'''

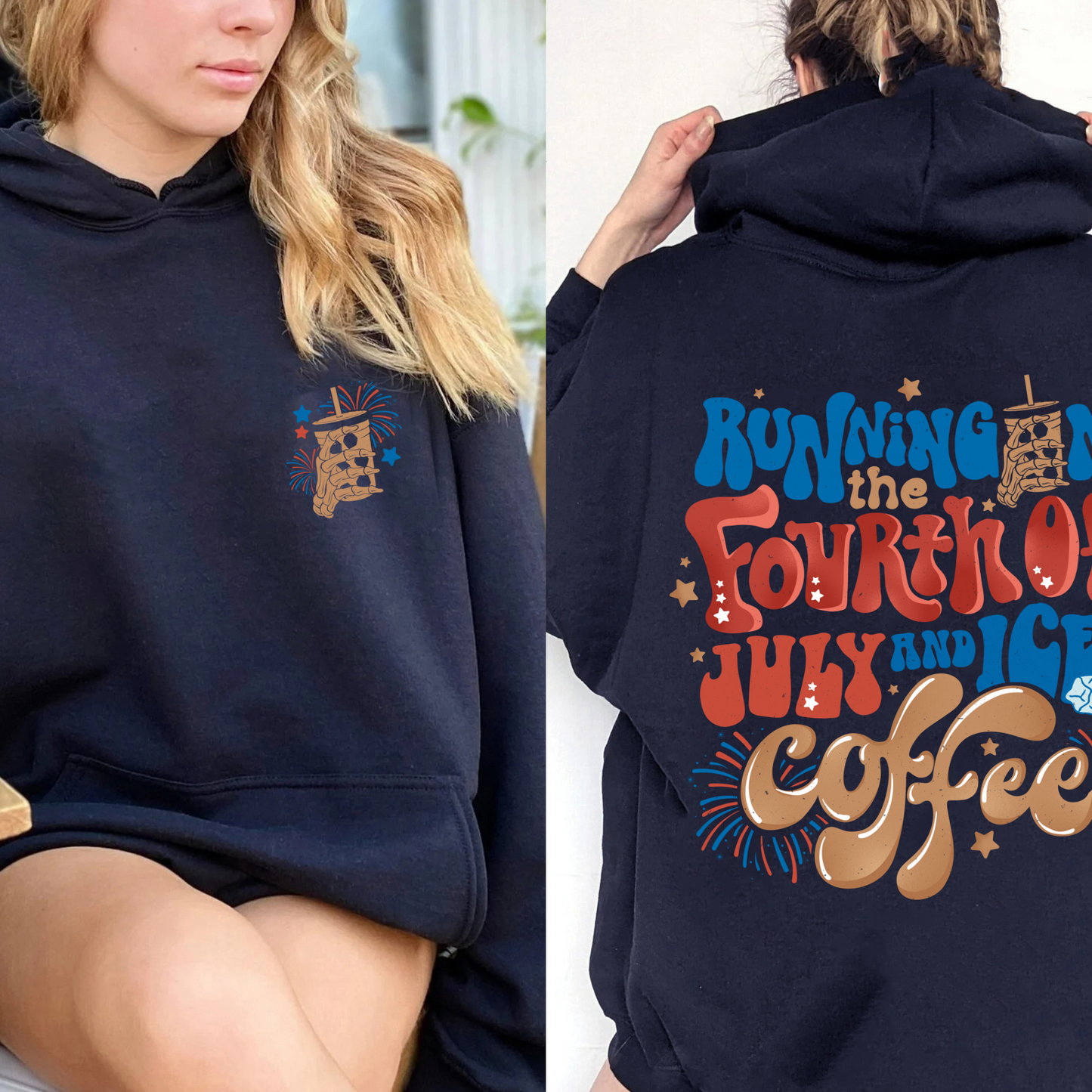 Running On The 4th Of July And Iced Coffee Hoodie, Patriotic Hoodie, Happy 4th Of July, Coffee Lover, Independence Day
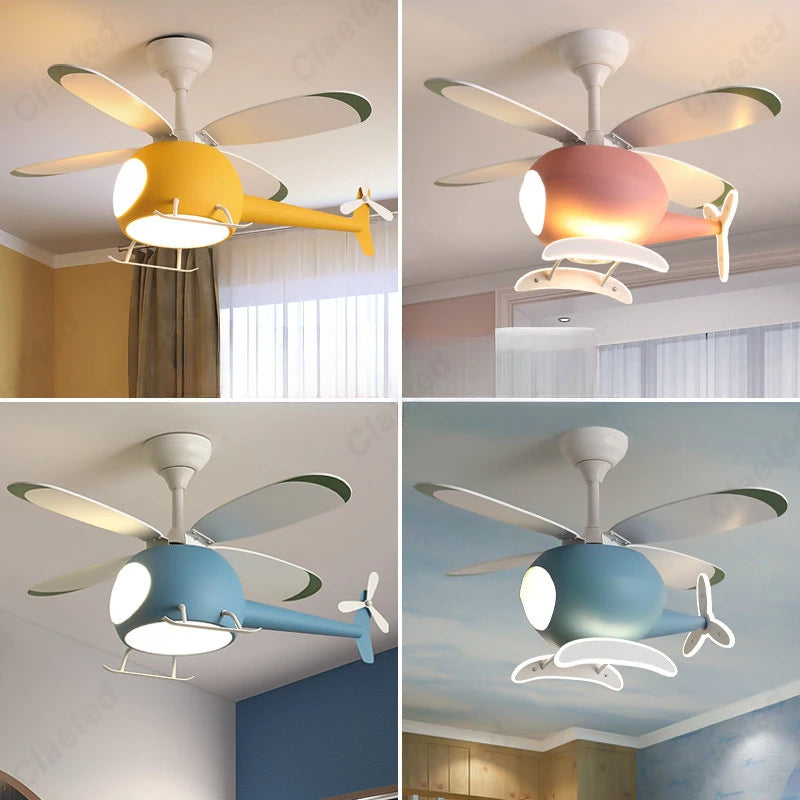 Détail des pales du ventilateur intégré au lustre hélicoptère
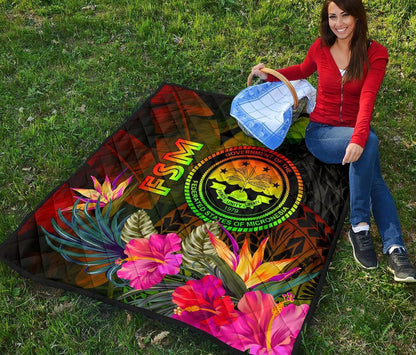 Federated States of Micronesia Polynesian Quilt -  Hibiscus and Banana Leaves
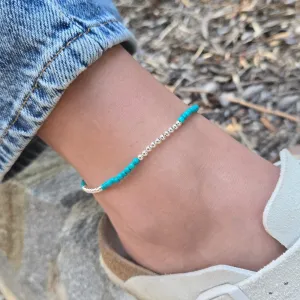Sterling Silver & Turquoise Anklet 2mm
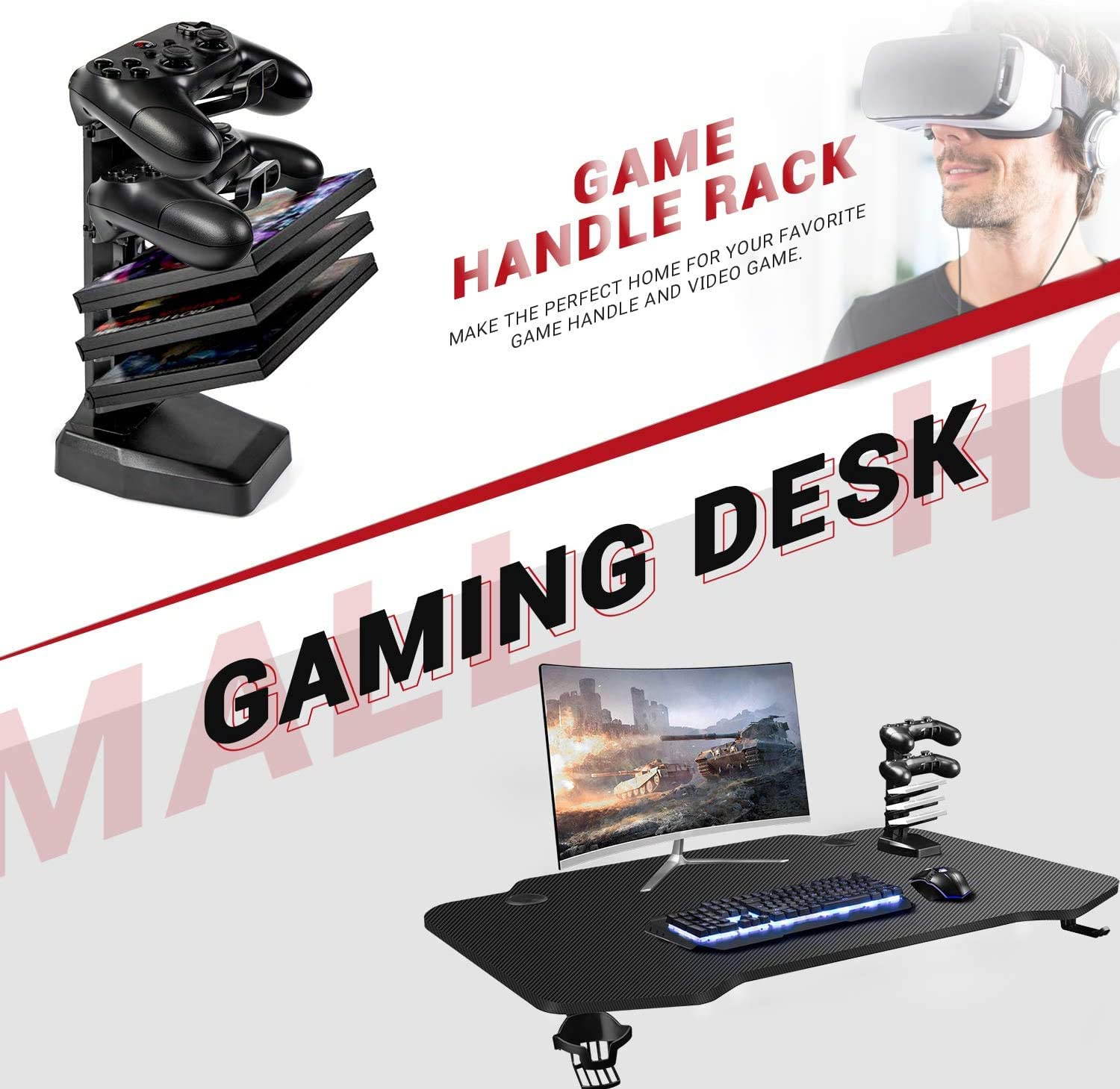 Homall 55 Inch Ergonomic Gaming Desk PC Computer Desk Home Office Table T-shaped Frame Table for Pressional Game Lover with Free Mouse Pad, Headphone Hook, Game Handle Rack and Cup Holder (Black)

'''

Task objective :: Repeat the records above exactly, without pictures.

Final answer ::
 Running On The 4th Of July And Iced Coffee Hoodie, Patriotic Hoodie, Happy 4th Of July, Coffee Lover, Independence Day
 Détail des pales du ventilateur intégré au lustre hélicoptère
 Federated States of Micronesia Polynesian Quilt -  Hibiscus and Banana Leaves
Sterling Silver & Turquoise Anklet 2mm
 Homall 55 Inch Ergonomic Gaming Desk PC Computer Desk Home Office Table T-shaped Frame Table for Pressional Game Lover with Free Mouse Pad, Headphone Hook, Game Handle Rack and Cup Holder (Black)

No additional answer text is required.